大跨度铁路悬索桥钢桁加劲梁设计

某大跨度铁路桥位于强震山区,采用主跨1060 m的上承式钢桁梁悬索桥,主桁采用华伦式桁架,桁宽30 m、桁高12 m,节间长10 m。结合强震山区铁路悬索桥的受力特点,加劲梁约束体系采用塔梁分离、塔墩固结的半飘浮体系,桥塔处纵向阻尼器与下平联设置在同一平面,桥塔和桥台处均设置相互协调工作的横向支座与横向阻尼器,并设置地震反压结构,在桥台端横梁中央设置局部受压支座,解决了大跨度铁路悬索桥抗强震、大风作用及轨道局部平顺性问题。钢桁梁主要构件采用Q370qD钢,局部构件采用Q500qD钢,主桁杆件和联结系杆件分别采用M30和M24高强度螺栓连接。加劲梁主桁上弦杆采用箱形截面杆件、焊接整体节点,下弦杆主要采用H形截面杆件、拆装式节点;上层通过交叉平联使箱形弦杆与钢桥面组成整体断面共同受力,下层采用H形弦杆与交叉平联组成镂空层,采用斜杆受拉为主的横联,解决了铁路悬索桥钢梁的疲劳问题,同时具有较好的经济性。结合场地及运输条件,加劲梁分区段采用顶推、原位拼装、缆索吊结合的方案施工,解决了山区大跨度悬索桥的施工难题。
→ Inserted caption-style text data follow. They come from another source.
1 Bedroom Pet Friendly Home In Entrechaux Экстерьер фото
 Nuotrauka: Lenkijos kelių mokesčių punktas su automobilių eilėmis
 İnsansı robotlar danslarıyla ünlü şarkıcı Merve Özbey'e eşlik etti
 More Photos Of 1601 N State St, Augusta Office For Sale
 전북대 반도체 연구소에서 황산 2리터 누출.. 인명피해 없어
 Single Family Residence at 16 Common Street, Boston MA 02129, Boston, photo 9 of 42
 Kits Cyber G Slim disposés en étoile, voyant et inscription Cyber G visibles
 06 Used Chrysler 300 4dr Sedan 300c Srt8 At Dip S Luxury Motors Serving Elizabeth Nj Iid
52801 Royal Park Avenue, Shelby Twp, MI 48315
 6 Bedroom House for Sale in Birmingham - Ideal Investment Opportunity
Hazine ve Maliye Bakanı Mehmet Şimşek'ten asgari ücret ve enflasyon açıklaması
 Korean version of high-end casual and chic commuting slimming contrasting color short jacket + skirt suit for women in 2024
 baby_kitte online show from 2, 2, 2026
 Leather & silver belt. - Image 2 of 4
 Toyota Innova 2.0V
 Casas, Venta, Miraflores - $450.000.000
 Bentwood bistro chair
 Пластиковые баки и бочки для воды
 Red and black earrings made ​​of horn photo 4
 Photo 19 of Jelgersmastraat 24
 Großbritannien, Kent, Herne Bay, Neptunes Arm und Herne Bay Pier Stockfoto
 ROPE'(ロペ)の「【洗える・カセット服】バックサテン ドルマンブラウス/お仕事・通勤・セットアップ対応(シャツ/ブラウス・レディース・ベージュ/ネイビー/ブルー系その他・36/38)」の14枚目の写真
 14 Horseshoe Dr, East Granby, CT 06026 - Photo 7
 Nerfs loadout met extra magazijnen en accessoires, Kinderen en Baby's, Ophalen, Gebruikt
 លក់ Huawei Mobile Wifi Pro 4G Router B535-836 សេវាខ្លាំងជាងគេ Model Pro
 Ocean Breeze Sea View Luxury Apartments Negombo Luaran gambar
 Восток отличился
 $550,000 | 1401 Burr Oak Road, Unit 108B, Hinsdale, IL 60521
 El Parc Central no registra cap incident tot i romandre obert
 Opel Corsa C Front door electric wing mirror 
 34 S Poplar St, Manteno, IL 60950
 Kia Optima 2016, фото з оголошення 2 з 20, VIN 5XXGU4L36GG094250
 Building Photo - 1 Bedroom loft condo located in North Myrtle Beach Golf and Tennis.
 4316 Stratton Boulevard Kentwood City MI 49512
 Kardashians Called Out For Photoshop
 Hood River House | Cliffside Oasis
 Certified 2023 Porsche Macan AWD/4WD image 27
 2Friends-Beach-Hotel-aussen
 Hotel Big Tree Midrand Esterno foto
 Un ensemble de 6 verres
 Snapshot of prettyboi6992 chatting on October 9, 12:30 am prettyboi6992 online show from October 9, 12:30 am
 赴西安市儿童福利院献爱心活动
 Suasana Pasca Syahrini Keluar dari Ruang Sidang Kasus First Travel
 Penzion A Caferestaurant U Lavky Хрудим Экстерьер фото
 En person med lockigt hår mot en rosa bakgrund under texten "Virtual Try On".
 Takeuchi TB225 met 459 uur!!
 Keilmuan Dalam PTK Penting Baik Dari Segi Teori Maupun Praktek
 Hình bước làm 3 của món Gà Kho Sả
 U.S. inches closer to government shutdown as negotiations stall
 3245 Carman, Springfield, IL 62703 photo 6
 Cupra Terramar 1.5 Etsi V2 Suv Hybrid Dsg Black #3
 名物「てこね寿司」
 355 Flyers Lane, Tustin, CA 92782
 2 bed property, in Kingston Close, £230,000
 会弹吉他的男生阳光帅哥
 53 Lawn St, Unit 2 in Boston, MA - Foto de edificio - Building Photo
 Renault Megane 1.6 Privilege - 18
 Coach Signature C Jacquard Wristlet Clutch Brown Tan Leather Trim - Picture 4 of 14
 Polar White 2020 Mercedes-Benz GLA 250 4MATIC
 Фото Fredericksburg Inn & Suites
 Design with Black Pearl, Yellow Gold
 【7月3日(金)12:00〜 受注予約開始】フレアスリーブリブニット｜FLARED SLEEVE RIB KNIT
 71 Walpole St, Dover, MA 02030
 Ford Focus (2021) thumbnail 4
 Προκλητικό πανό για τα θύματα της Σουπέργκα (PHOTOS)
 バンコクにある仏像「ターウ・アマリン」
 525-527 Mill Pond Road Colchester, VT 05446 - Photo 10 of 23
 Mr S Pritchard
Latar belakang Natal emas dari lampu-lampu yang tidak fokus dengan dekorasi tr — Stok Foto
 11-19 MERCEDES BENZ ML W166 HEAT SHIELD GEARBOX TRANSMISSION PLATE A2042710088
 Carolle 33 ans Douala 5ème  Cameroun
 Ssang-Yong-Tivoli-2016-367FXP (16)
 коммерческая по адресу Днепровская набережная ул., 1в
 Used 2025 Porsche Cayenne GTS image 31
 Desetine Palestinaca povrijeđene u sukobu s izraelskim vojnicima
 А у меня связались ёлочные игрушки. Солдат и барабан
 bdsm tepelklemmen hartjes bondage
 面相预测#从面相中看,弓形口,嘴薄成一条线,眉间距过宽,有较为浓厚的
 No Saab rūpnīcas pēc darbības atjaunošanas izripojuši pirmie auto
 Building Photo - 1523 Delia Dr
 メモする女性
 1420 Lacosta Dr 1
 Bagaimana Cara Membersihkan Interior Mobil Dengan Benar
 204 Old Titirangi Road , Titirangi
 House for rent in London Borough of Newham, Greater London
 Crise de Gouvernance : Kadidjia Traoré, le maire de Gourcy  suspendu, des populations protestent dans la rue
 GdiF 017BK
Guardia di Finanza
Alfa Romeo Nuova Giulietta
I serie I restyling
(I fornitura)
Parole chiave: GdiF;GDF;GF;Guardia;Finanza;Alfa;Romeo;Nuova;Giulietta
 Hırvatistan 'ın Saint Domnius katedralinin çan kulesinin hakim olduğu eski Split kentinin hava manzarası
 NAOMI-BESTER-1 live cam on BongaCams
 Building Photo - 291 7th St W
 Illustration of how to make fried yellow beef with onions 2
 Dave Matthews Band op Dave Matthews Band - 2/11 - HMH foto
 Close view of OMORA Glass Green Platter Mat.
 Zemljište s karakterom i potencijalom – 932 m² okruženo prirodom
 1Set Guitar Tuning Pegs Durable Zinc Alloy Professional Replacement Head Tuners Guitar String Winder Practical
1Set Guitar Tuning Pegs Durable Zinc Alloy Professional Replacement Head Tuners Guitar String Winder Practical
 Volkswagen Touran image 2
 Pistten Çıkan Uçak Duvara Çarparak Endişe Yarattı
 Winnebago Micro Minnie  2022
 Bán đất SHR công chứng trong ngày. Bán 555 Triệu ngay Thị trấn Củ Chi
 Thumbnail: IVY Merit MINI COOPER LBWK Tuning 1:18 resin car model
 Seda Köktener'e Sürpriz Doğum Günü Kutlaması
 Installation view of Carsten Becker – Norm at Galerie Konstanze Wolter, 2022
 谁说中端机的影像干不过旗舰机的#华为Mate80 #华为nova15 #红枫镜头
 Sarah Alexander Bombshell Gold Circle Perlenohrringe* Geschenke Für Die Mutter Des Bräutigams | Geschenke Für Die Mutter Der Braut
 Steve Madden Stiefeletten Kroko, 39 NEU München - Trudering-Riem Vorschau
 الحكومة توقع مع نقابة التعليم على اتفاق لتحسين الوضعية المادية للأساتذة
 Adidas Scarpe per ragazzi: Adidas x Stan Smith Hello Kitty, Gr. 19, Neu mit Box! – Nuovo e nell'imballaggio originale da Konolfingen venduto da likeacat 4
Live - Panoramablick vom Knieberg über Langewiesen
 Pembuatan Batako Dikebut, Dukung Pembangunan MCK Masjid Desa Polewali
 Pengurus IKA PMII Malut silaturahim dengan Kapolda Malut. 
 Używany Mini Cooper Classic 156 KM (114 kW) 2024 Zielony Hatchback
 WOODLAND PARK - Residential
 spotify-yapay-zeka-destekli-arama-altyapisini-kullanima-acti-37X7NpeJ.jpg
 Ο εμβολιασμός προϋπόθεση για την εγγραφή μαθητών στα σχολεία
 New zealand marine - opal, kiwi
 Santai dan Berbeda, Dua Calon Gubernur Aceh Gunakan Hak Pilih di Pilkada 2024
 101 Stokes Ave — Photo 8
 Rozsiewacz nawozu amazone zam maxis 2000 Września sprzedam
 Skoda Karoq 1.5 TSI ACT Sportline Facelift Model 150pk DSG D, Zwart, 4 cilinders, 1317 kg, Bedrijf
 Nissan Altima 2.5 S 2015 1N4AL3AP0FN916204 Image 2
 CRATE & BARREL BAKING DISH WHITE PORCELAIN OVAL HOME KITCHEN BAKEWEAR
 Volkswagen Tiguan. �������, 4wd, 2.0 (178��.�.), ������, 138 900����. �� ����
Design of Truss Stiffening Girder of a Long-Span Railway Suspension Bridge

A long-span railway bridge,located in the mountainous area with high seismicity,is designed as a deck-type steel truss girder suspension bridge with a main span of 1060 m.The truss stiffening girder consists of Warren trusses that measure 30 m wide and 12 m deep,and a truss panel is 10 m.To suit the mechanical properties of the railway suspension bridge in mountainous area with high seismicity,the towers and the stiffening girder are separated,and the towers and the piers are fixed,which forms a semi-floating system.The longitudinal dampers at the towers and the lower lateral bracings of the stiffening girder are installed in the same plan.At both the towers and abutments,the transverse bearings and dampers that can work collaboratively are installed,the back pressure structure that can regulate seismic forces is added,and local compression bearings are installed in the center of end floorbeams of abutments,to improve the intense seismic and heavy wind resistance of the bridge and address the issue of local track irregularity.The main components of the steel trusses are made of Q370qD steel,and components in local parts are made of Q500qD steel.The members of the main trusses and tie members are connected by M30 and M40 high strength bolts,respectively.The upper chords of the truss stiffening girder are formed of box cross-section members,with integral welding joints,while the lower chords are composed of H cross-section members,with detachable joints.In the upper level,the lateral bracings allow the box cross-section chords and the steel deck plates to form an integral cross section and share the acting loads.In the lower level,the H cross-section members and the lateral bracings form a transparent framed structure,with diagonal members in the transverse connection mainly in tension,which is beneficial to the fatigue resistance of the steel girder of railway suspension bridge and has better economic performance.Limited by the construction space and transportation access,the stiffening girder was divided into regions which could be constructed using tailored methods,including incremental launching,in-situ assembly and cableway crane construction.The proposed methods can facilitate the construction of long-span suspension bridge in mountainous area.